Unnamed: 0,Predicted Correctly,True Genre,Predicted Genres,Track Name,Artist Name
16294,0,pop,"[hiphop, r&b]",Comb,Skizzy Mars
28261,0,house,"[rock, pop]",Miracle,Madeon
64738,0,rock,"[country, hiphop]",Take a Sip,Skrizzly Adams
16204,0,hiphop,"[pop, house]",Salute,Future
31629,0,indie,"[hiphop, pop]",Devil Don't You Fool Me,Josh Farrow
...,...,...,...,...,...
15727,0,hiphop,"[house, indie]",Boogieman,Childish Gambino
66194,0,pop,"[house, rock]",Wild Life,OneRepublic
27208,0,house,"[pop, country]",Light Me Up,RL Grime
719,0,country,"[pop, rock]",Remind Me (with Carrie Underwood),Brad Paisley


Let's check some of these out:
*   [Take a Sip - Skrizzly Adams](https://open.spotify.com/track/3zgzbGes5o5X0ExPhj0zpl?si=49562c0c03cc47c4) - This one makes sense as a country/hiphop track, as it's a bit of a fusion between rap and country rock
*   [Salute - Future](https://open.spotify.com/track/1tjpoAROSHmr9QLb7Ibqoq?si=8b03d220e0a74389) - Not really sure what happened on this one. This is about as hiphop as you can get with the trap drums and rapping. This was a pretty bad miss. The house prediction was especially confusing.

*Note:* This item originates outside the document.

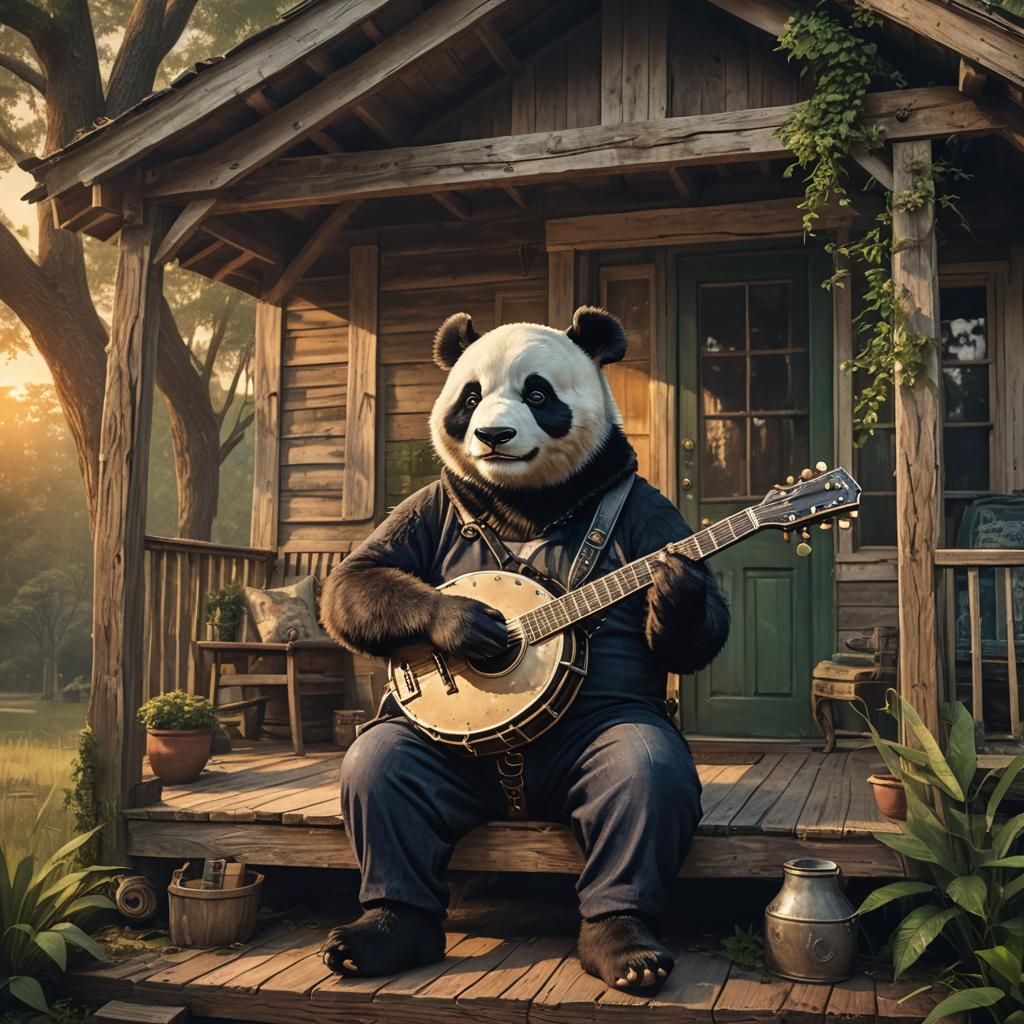 Just jammin on the porch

*   [Boogieman - Childish Gambino](https://open.spotify.com/track/0SunFlwqT44E0BU0yrgM7u?si=5c52a9b7638143e7) - This one makes sense as just an extremely difficult song to predict. I would personally call this funk, perhaps? Of our genre's, I think hiphop is a fair true labell, but I'm not surprised the model missed this, given its unconventional sound.



## How to improve the model in the future
It seems that the best place to focus on for future improvement of the genre predicting model would be to improve the true labeling of the tracks. Detailed in part 1, every track / artist outputted by the Spotify API has a number of genre tags, but there is not a single definitive genre for one track. To allow us to build a genre-predicting algorithm, the track genre tags were pooled into a dictionary and I chose the most occuring gender to determine the True Genre for that track. This is somewhat imperfect and likely lead to some faulty labeling of true genre. However, this was the best option available until Spotify labels the genre of the track themselves, or I come up with some other NLP improvements for the tag text.